A Rare Cause of Arterial Hypertension in a Young Adult: The Role of a Large Renal Cyst ()
1. Introduction
High blood pressure (hypertension) affects millions worldwide and is a leading cause of cardiovascular morbidity and mortality. Arterial hypertension is classified as either primary (essential), accounting for most cases, or secondary, where an identifiable underlying cause exists. Among the causes of secondary hypertension, renal pathologies—including renal artery stenosis, chronic kidney disease, and renal cysts—are well-documented contributors. Although simple renal cysts are generally considered benign and asymptomatic, they can occasionally lead to complications, including hypertension, when they grow large enough to affect renal function. This case report discusses a rare presentation of secondary hypertension in a young adult caused by a large simple renal cyst, emphasizing the diagnostic challenges, management strategies, and the importance of monitoring renal abnormalities in hypertensive patients. To understand the impact of renal cysts on hypertension, it is essential to recognize the role of the renin-angiotensin-aldosterone system (RAAS) in blood pressure regulation.
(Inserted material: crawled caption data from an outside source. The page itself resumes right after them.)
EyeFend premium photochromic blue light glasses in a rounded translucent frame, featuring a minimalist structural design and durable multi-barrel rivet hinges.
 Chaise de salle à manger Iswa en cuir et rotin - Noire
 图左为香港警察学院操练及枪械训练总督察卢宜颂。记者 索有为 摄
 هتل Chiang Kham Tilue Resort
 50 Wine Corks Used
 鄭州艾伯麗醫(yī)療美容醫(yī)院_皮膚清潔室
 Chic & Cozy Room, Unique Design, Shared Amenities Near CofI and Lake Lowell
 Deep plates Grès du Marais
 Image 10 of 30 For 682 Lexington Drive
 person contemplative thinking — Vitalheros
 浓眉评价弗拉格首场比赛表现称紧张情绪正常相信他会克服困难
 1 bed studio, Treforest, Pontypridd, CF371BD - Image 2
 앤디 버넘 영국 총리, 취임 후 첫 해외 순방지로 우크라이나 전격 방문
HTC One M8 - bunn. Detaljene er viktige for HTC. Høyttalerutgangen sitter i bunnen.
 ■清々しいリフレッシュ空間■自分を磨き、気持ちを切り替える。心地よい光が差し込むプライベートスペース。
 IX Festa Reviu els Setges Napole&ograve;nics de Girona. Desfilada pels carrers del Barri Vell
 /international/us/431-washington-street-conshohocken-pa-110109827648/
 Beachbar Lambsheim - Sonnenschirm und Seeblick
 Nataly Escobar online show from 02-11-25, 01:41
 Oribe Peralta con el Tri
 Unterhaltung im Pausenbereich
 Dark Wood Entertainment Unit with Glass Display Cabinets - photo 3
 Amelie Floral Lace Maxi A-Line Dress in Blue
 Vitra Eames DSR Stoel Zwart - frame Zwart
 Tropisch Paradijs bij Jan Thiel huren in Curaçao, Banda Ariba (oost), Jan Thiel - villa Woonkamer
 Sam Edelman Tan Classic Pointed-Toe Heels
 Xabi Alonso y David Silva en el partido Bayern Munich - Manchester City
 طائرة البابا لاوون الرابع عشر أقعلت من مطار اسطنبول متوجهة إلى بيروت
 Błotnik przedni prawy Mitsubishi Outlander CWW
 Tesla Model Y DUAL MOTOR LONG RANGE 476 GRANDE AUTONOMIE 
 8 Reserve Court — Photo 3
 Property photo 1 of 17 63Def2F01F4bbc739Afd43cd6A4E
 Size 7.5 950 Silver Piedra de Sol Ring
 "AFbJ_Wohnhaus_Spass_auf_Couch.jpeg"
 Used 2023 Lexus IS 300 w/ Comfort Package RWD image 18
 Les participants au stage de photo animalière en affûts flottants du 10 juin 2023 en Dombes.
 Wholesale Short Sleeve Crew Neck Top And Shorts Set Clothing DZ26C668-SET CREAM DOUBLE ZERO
The RAAS, which responds to renal perfusion, can be abnormally activated by large cysts compressing the kidney, leading to increased renin production and subsequent hypertension.
2. Case Presentation
A 44-year-old woman was referred for further evaluation of poorly controlled hypertension, which she had been experiencing for the past year. Despite adhering to lifestyle modifications and initial pharmacological interventions, her blood pressure remained consistently elevated above target levels. The patient had no significant medical history prior to this issue, and there was no known family history of hypertension or renal disease.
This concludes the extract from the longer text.